Problem: Each line of the data below goes into the copy exactly; pictures do not.

Input data:
◆ ◆ ◆ ◆
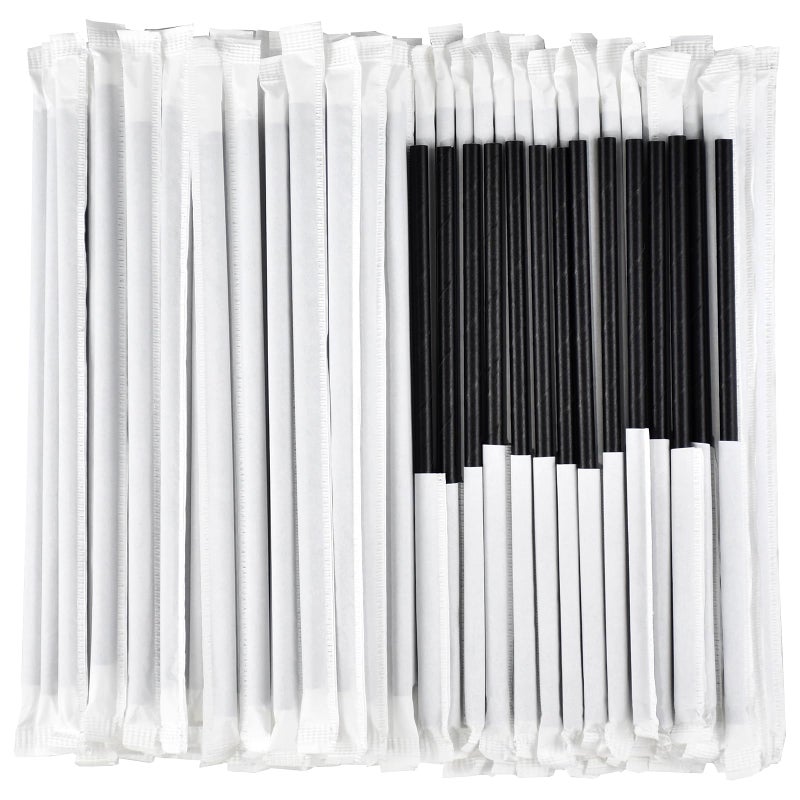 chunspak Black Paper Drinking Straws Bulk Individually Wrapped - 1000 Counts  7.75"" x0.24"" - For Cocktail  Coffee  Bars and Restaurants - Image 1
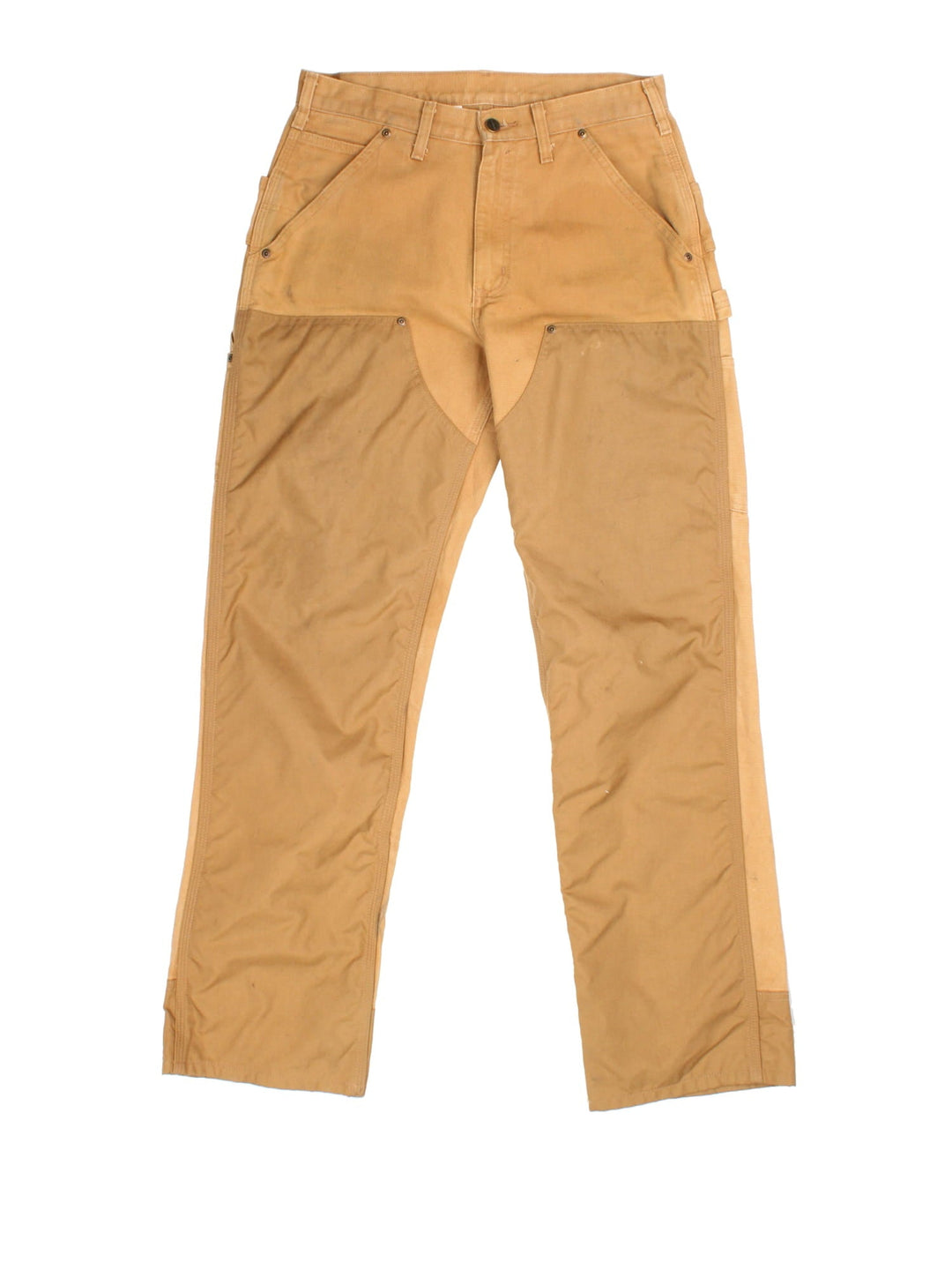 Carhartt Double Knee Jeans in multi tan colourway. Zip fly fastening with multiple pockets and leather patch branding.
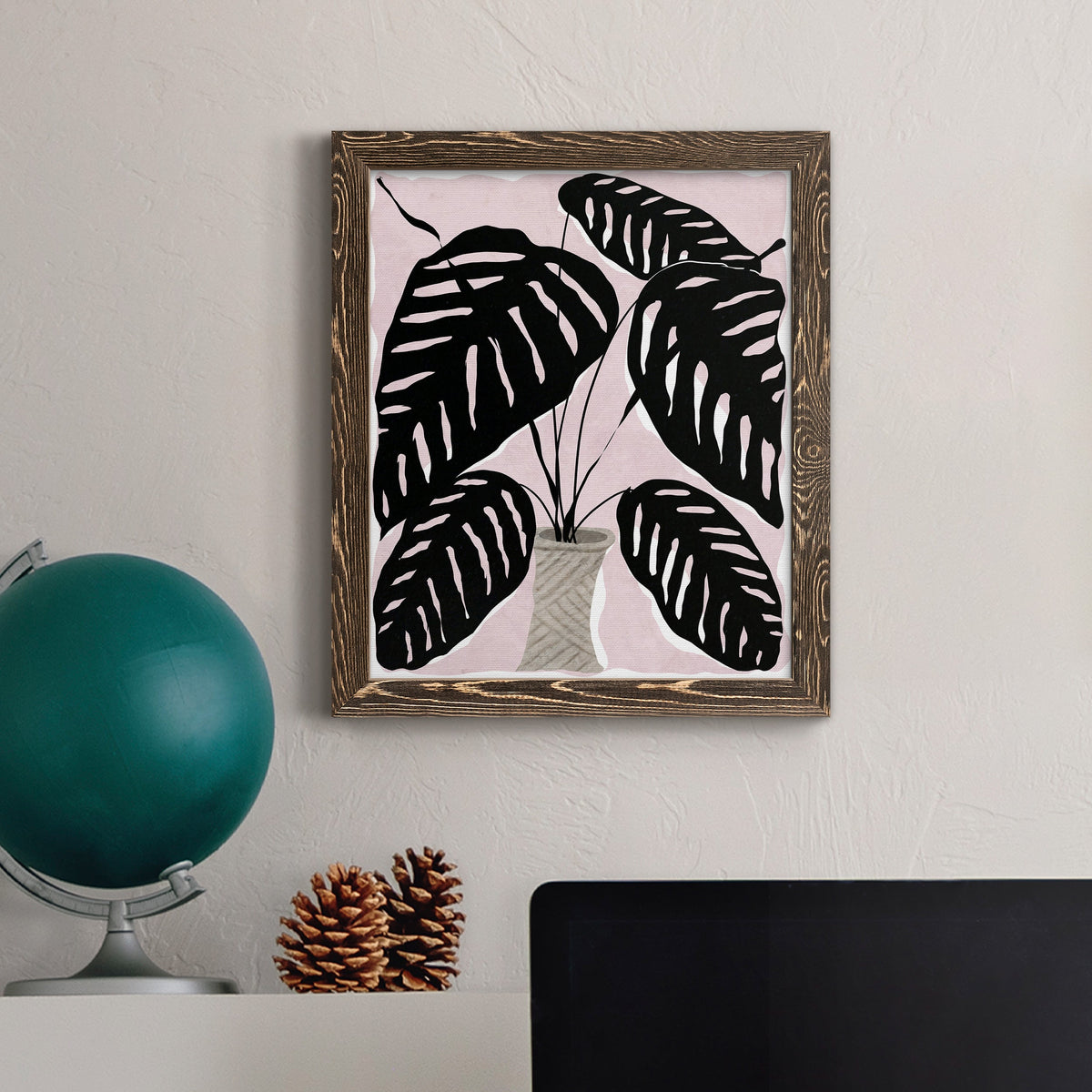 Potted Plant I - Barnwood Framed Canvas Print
◆ ◆ ◆ ◆
Finished task:
 chunspak Black Paper Drinking Straws Bulk Individually Wrapped - 1000 Counts  7.75"" x0.24"" - For Cocktail  Coffee  Bars and Restaurants - Image 1
 Carhartt Double Knee Jeans in multi tan colourway. Zip fly fastening with multiple pockets and leather patch branding.
 Potted Plant I - Barnwood Framed Canvas Print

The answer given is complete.